Update
Okay, so I began the 3 times every 2 week regimen a little over a month ago, together with the marginal post-failure work as I had described in my earlier post, and ran into a bit of trouble. Whereas I would normally work out on a Monday and Friday of one week and then the Wednesday of the following week, it turned out that I was not able to do a workout on a recent Friday as scheduled, and so I did one a day earlier on the Thursday. This was with the post-failure work. I could not sleep well at all for the next 2 nights, and I could attribute it to nothing other than the all-out workouts spaced closely together. (I should point out that when I was going simply to full concentric failure and not beyond, I would normally work out twice a week, on Mondays and Thursdays.)
I realized that even at 3 times every 2 weeks, I was spacing the workouts very close in the recovery cycle for this level of intensity. Truth be told, I really do like the level of intensity that is just a bit past concentric failure as I had described in my earlier post. It really feels like I did something. And so, although I wrote earlier that if things did not go as expected that I would reduce the intensity and up the frequency, in fact, I will do the opposite. I will be keeping this level of intensity and reducing the frequency to only once a week for resistance training. I will continue to do 2 HIIT workouts each week, one right after the RT and one on the weekend a few days later.

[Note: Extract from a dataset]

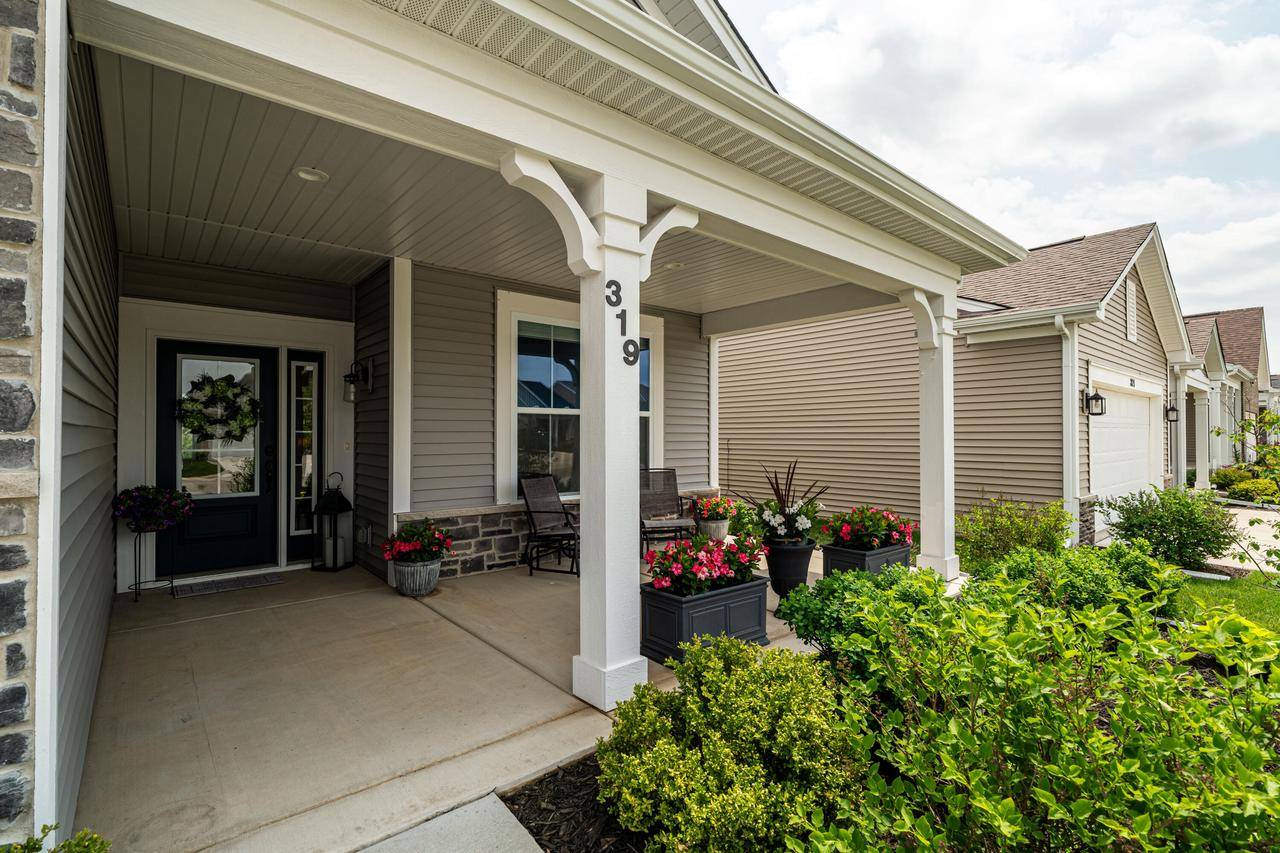 Lake Geneva, WI 53147,319 Bowing WAY
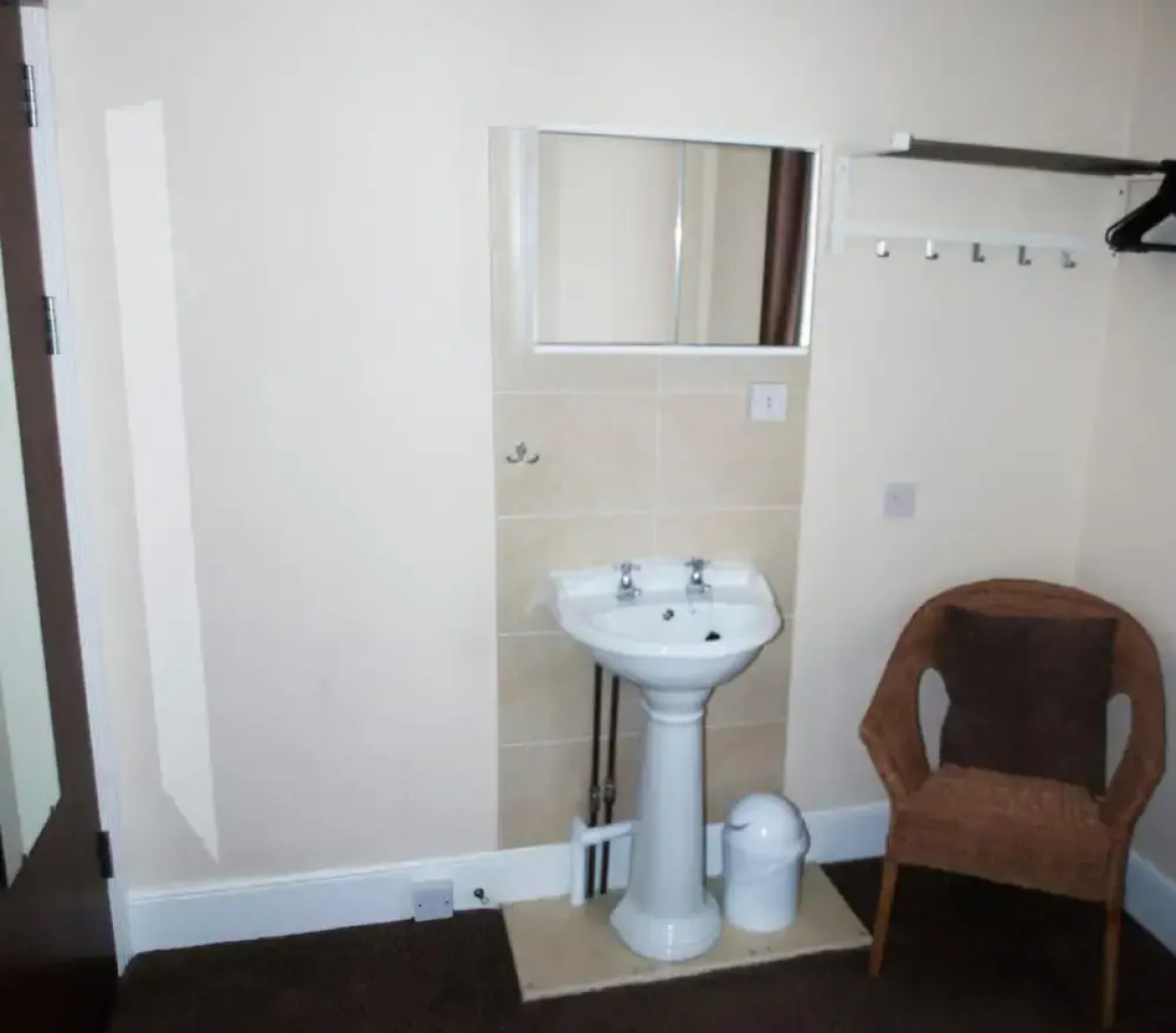 Trevellis Guest House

Inspired by other independent research and what Doug McGuff wrote in his book and said in his various talks, I decided that I didn't want to spend all of my time in recovery and virtually none of it above baseline, where actual overcompensation and adaptation normally occurs. I tried this 1x/wk frequency about a year ago but switched back to a higher frequency after a couple of months. I did not notice a change in strength or body composition during that time, but just felt a bit antsy to get back to the gym more often. However, I wasn't going past failure then, so it wasn't quite the same. Who knows, maybe this time the results will be a little different.